The Ten Commandments of a New Drupal 8 Site for Enterprise Developers

by Andrew Berry

Over the past two years, I’ve had the opportunity to work with many different clients on their Drupal 8 site builds. Each of these clients had a large development team with significant amounts of custom code. After a recent launch, I went back and pulled together the common recommendations we made. Here they are!

1. Try to use fewer repositories and projects

With the advent of Composer for Drupal site building, it feels natural to have many small, individual repositories for each custom module and theme. It has the advantage of feeling familiar to the contrib workflow for Drupal modules, but there are significant costs to this model that only become obvious as code complexity grows.
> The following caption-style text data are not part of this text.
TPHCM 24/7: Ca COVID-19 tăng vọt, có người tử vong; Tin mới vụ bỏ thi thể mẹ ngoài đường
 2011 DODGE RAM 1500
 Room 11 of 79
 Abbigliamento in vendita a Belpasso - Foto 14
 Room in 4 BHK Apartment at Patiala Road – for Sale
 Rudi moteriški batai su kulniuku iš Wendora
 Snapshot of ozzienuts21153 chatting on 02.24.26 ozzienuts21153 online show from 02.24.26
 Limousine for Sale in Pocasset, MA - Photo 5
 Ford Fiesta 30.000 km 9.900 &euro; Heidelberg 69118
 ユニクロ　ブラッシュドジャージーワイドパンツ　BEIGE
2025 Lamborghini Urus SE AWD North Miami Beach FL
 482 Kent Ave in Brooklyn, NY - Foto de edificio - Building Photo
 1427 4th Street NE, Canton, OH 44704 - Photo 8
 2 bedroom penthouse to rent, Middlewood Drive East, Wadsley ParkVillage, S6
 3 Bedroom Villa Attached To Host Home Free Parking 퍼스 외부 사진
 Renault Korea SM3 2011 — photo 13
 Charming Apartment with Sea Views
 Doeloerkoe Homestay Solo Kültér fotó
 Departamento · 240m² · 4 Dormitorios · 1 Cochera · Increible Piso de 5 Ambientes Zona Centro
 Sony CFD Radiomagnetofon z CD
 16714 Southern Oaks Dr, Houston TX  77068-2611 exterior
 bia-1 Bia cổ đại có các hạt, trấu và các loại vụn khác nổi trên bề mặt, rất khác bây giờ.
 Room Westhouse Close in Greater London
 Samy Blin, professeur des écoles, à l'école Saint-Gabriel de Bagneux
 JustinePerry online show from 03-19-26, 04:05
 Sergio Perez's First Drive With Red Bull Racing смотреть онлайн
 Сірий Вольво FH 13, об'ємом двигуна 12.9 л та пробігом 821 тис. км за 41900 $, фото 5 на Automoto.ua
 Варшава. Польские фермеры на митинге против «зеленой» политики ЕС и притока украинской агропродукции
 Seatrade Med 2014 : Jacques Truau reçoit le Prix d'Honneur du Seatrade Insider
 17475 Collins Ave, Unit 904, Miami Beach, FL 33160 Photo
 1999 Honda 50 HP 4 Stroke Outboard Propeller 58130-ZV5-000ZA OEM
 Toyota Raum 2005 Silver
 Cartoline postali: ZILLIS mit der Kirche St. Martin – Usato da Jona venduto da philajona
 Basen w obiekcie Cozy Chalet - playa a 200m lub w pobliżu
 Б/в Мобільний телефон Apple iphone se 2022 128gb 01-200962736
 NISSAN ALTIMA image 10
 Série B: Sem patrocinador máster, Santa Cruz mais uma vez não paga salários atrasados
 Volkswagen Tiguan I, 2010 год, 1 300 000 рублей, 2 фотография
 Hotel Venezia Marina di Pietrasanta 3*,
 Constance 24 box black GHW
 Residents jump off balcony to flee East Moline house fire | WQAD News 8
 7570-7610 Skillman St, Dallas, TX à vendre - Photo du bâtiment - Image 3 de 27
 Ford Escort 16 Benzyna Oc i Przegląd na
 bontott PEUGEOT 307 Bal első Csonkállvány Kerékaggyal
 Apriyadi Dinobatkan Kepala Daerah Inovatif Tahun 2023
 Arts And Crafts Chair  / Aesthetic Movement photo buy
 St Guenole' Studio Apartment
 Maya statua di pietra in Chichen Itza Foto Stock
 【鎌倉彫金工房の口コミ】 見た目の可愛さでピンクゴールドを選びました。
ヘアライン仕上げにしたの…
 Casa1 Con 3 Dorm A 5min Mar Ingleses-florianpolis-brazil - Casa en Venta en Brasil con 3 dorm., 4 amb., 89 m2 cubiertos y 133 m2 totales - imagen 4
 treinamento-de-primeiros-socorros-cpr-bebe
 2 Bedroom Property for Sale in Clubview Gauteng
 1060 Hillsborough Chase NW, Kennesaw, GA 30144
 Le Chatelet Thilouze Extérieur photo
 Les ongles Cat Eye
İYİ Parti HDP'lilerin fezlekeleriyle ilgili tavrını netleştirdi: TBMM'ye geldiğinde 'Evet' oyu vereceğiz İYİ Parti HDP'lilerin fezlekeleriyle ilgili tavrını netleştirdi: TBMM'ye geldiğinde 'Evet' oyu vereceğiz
The first cost is that at best, every bit of work requires two pull requests; one pull request in a custom module repository, and a second commit in the composer.lock in the site repository. It’s easy to forget about that second pull request, and in our case, it led to constant questioning by the QA team to see if a given ticket was ready to test or not.

A second cost is dealing with cross-repository dependencies. For example, in site implementations, it’s really common to do some work in a custom module and then to theme that work in a custom theme. Even if there’s only a master branch, there would still be three pull requests for this work—and they all have to be merged in the right order. With a single repository, you have a choice. A single pull request can be reviewed and merged, or multiple can be filed.

A third, and truly insidious cost is where separate repositories actually become co-dependent, and no one knows it. This can happen when modules are only tested in the context of a single site and database, and not as site-independent reusable modules. Is your QA team testing each project against a stock Drupal install as well as within your site? Are they mixing and matching different tags from each repository when testing? If not, it’s better to just have a single site repository.

2. Start with fewer branches, and add more as needed

Sometimes, it feels good to start a new project by creating all of the environment-specific branches you know you’ll need; develop, qa, staging, master, and so on. It’s important to ask yourself; is each branch being used? Do we have environments for all of these branches? If not, it’s totally OK to start with a single master branch. If you do have multiple git repositories, ask this question for each repository independently. Perhaps your site repository has several branches, while the new SSO module that you’re building for multiple sites sticks with just a master branch. Branches should have meaning. If they don’t, then they just confuse developers, QA, and stakeholders, leading to deployment mistakes. Delete them.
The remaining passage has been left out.